ASLA Conference Highlights by An Emerging Professional

 
 

It’s been a little over a month since the ASLA conference and I'm only now looking back over my notebook from that weekend in November. My notes sound more like splinters of prose than anything else; scribbles of thoughts, references for later, terms to slowly fold into my personal vocabulary. This was my first time attending a conference, and I left with more questions than answers. I’m what the ASLA calls “an emerging professional”: fresh off the mill, the university umbilical cord only recently snipped. I fell back into the seat of the student, silently absorbing peoples’ names, stories, lessons, and email addresses. 

It’s difficult to put words to the energy that the conference brings. Mainly it was empowering to be in a space where I shared the same earth-centric values as everyone around me. Simply put it felt like coming home. To hear the unique experiences of other professionals gave me new insights into how even the smallest gestures can transform an entire industry. There’s more I am still digesting from what I learned, and so I will leave you with fragments of highlighted thoughts that are steering me towards whatever is next. An ode to gardening, if you will.
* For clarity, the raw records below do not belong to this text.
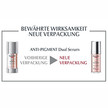 Bewährte Formel, neue Verpackung: ANTI-PIGMENT Dual Serum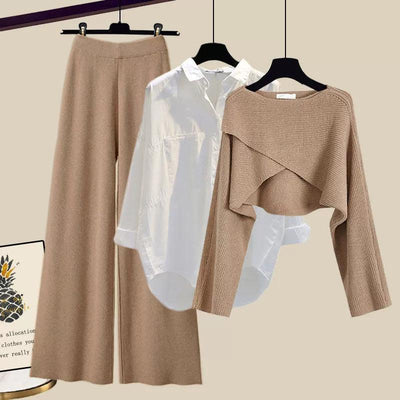 MIA – Bequemes, weiches dreiteiliges Set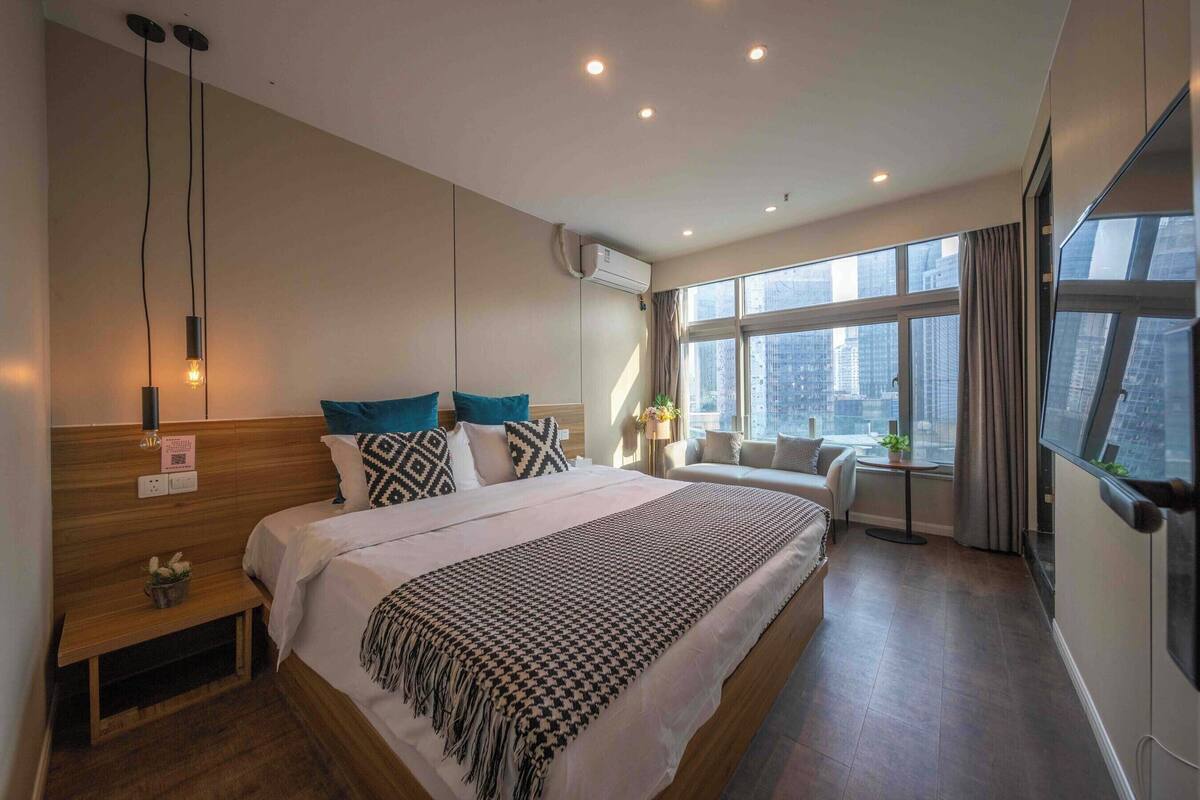 Superior Double Room | Blackout curtains, free WiFi, bed sheets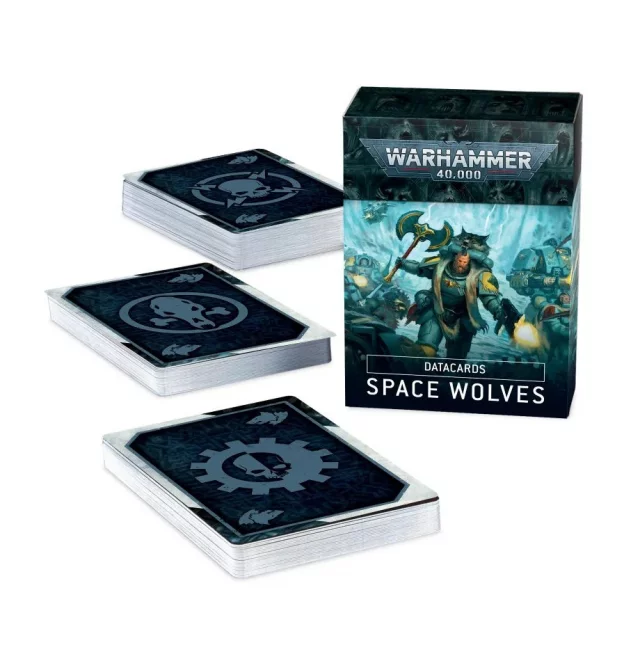 W40k: Space Wolves Datacards (2020)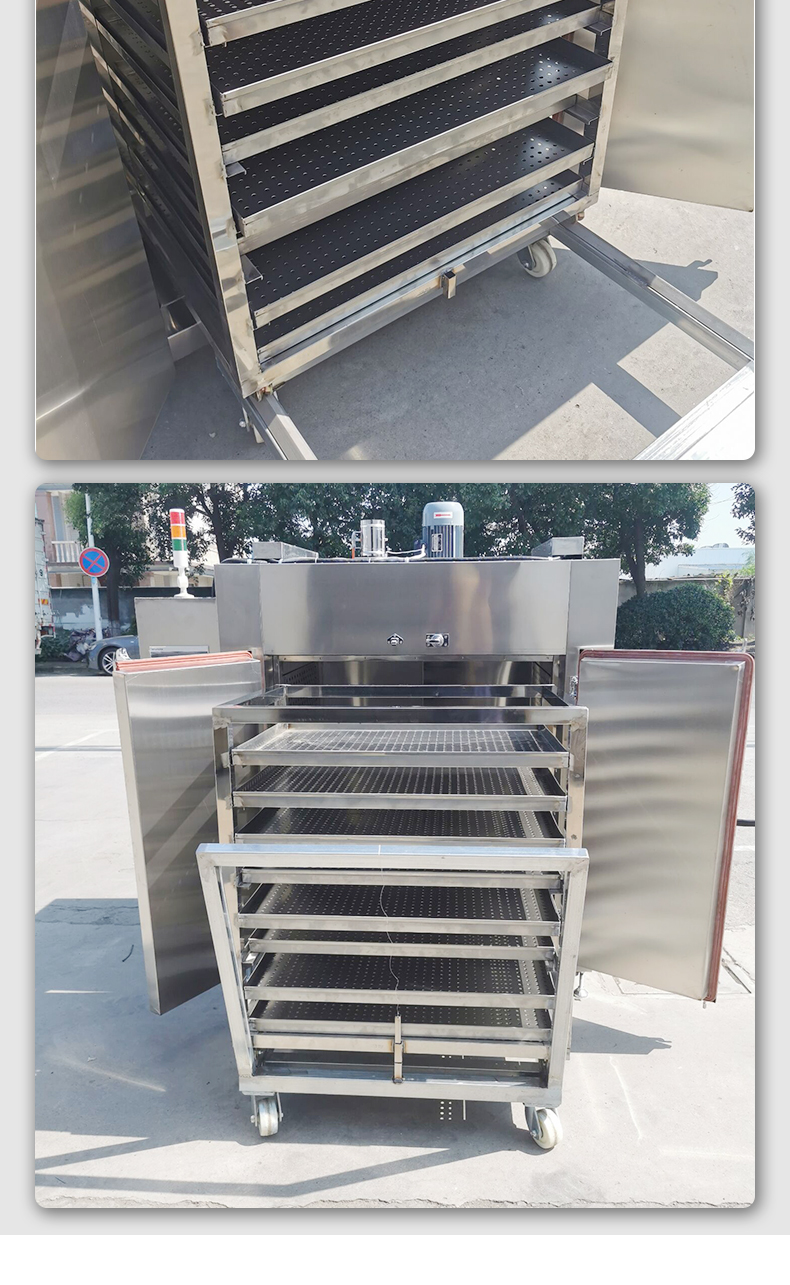 Automatic load-bearing trolley, trolley, oven, electric blast, large industrial constant temperature drying oven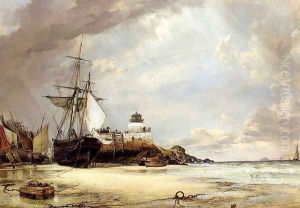 The Pier And Bay Of St. Ives, Cornwall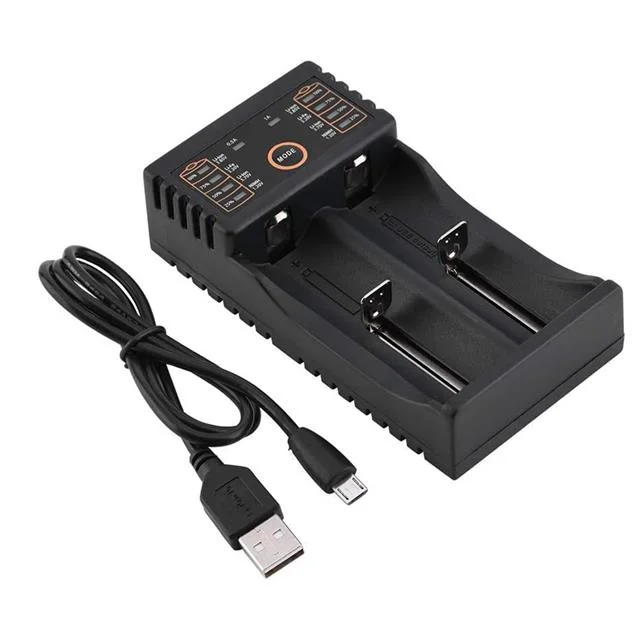 PMR-HG2 4.2 Volt 500 Mah - 1000 Mah Pil Şarj Cihazı görsel 2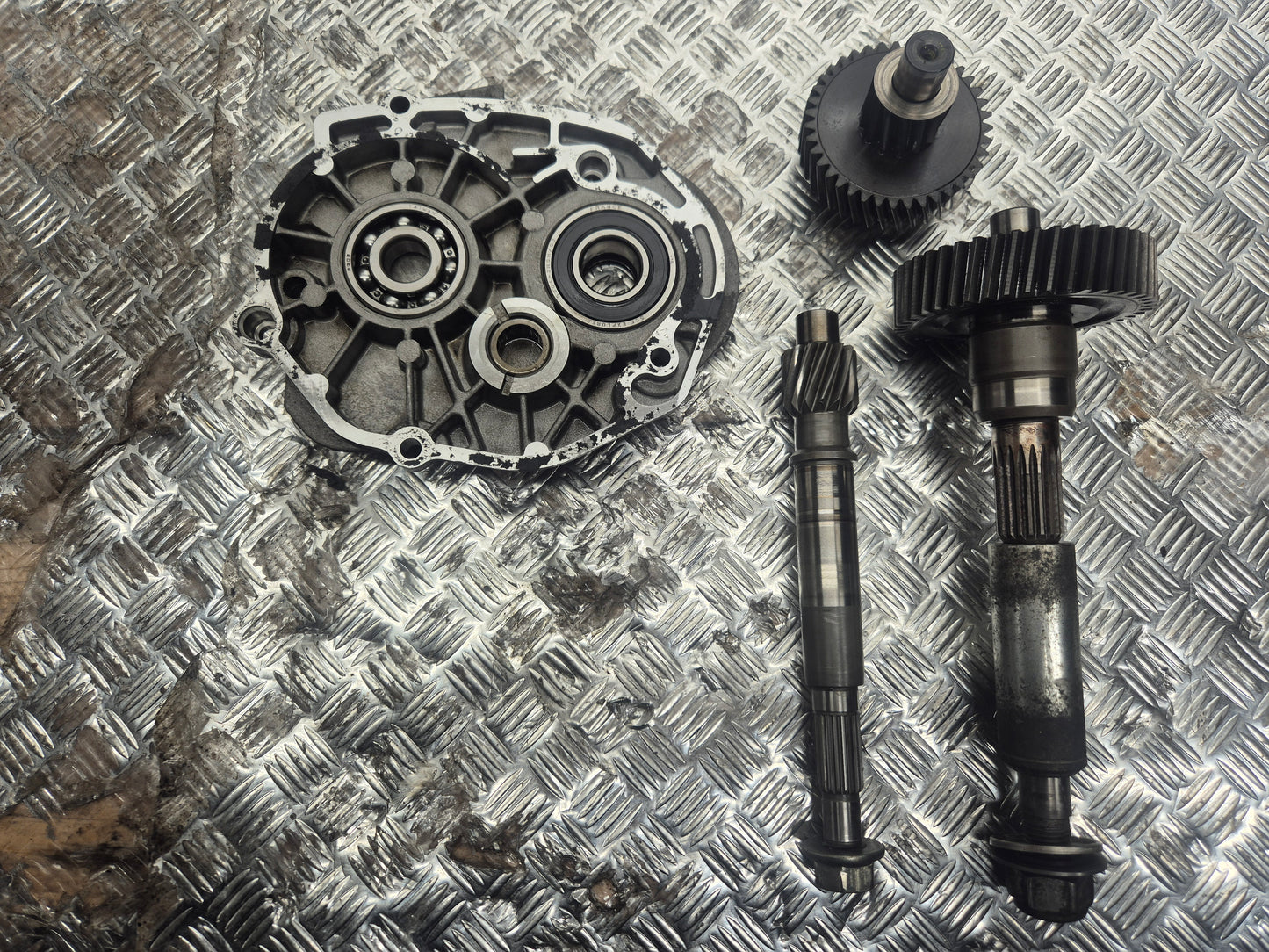 Transmission arrière PEUGEOT 125 SATELIS 2007-2011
slowly learning, quickly understanding…

how to keep communities together with landscape architecture – “DEFRAGMENTATION” / change is really about zoning/remapping {bermuda zoning map} / ikigai /  transitions, not boundaries / how to not do anything with land / don’t use compost for inoculation * [use intact soil] / “anti-blank slate approach” {areas of high vacancy have specific histories as to why they ended up vacant} / tools of the past will only recreate gardens of the past / devaluing labor devalues the land itself / paradise transplanted – pierrette hondagneu-sotelo / seed shares – replanting native plants / how to live lightly on the land / find the people who speak for the fish and trees / trust comes from simple acts.